It’s time for another round of Online Highlights. Since all things on the internet are found out through links or references by others (like I do in this post), thanks to those who, passively and actively, helped me out this time.

Race for the Galaxy AI – This AI for the card game Race for the Galaxy was released many months ago, so it’s hardly new, but it’s still good. I still prefer to play on Genie against human players, but the AI supports Rebel vs. Imperium, which Genie so far lacks.

Linkou, Taiwan – This is where I live. I don’t think I’ve mentioned it before, but my house is under the cloud in the centre of this map!

Partly Cloudy – A very nice short film from Pixar, recommended by Martin in his review.

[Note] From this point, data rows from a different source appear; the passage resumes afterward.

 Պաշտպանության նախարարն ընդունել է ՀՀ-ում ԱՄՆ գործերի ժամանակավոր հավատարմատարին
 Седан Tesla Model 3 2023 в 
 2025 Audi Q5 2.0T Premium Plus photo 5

Foreigners’ Chinese names – I’ve long been an advocate for choosing names in Chinese which are Chinese rather than transliterations of foreign names. This clip perfectly illustrates, if not the whole truth, then at least part of it. It’s also quite funny.

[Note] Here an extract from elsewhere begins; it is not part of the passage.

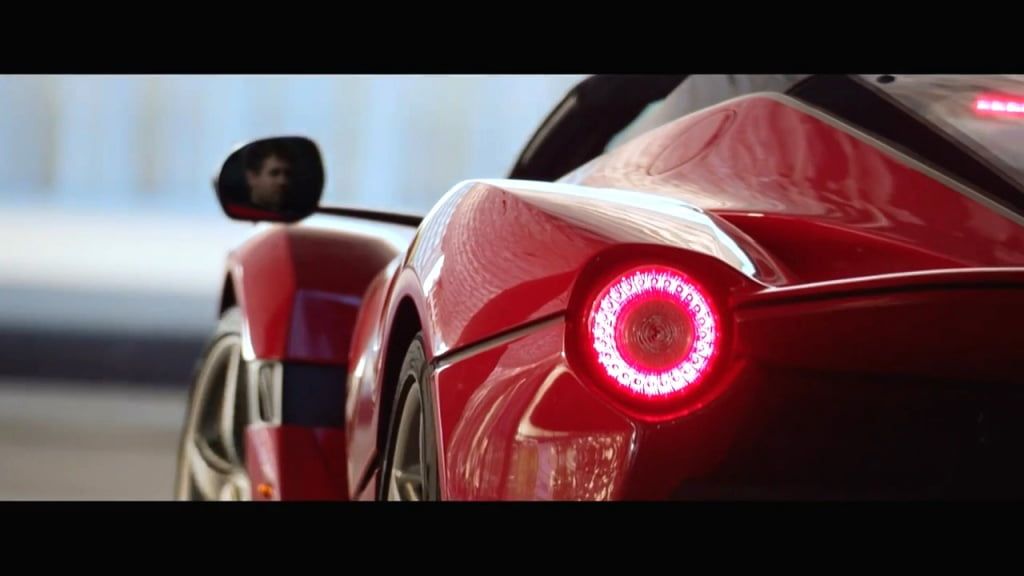 Себастьян Феттель снялся в рекламе новой Ferrari Aperta - видео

Coach Geoff’s YouTube Channel – An old favourite, who seems to have updated a lot recently. He has provided a lot of inspiration over the years and still do. In fact, I think I’m going to do some workout as soon as I’ve published this post.

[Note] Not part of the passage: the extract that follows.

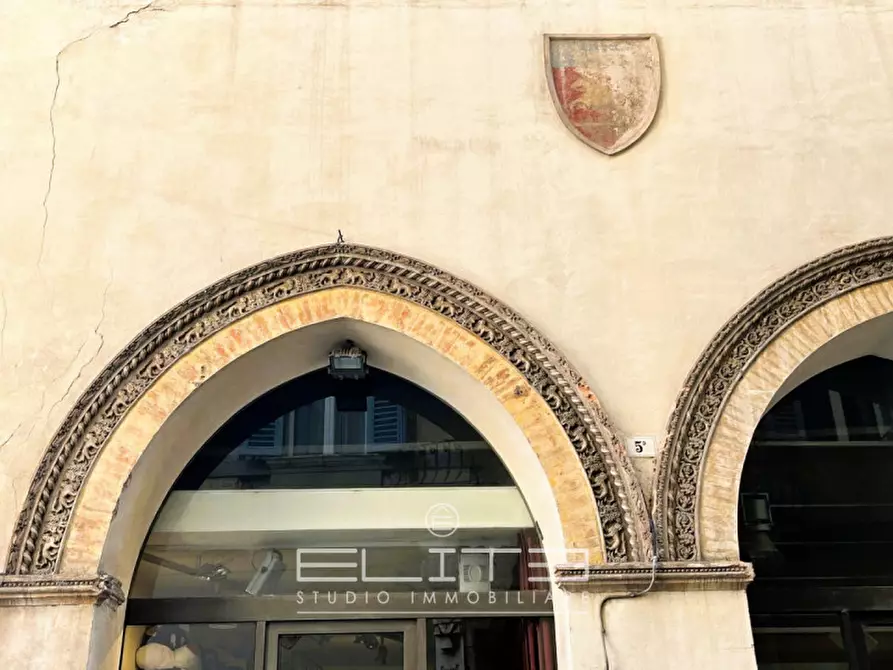 Immagine 9 di Negozio in vendita  in VIA DELLA LOGGIA a Ancona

Laowai Chinese – Albert Wolfe’s blog about learning Chinese (and lots, lots more). I’ve seen quite a number of blogs like this one, but none has been so interesting. I read almost everything he writes, even though I haven’t had time to excavate the archive yet.

Mandarin tones with Praat – Praat is a program for visually analysing sound, in this case taking a look at what the tones in mandarin Chinese actually look like. How close are they to the tone curves we’ve all been taught? Very, very interesting.

Ministry of Education Chinese-Chinese Dictionary – Another Chinese dictionary, this time a Chinese-Chinese one, probably the most comprehensive I’ve found online. Mostly useful for students in Taiwan, but still.

NCIKU Dictionary – For some reason, I have missed this dictionary. It seems to be very, very good, even though it’s mainland Chinese and thus simplified characters. It still accepts searches for traditional characters, and Ive begun to use this site a lot recently. The many examples are probably the biggest advantage.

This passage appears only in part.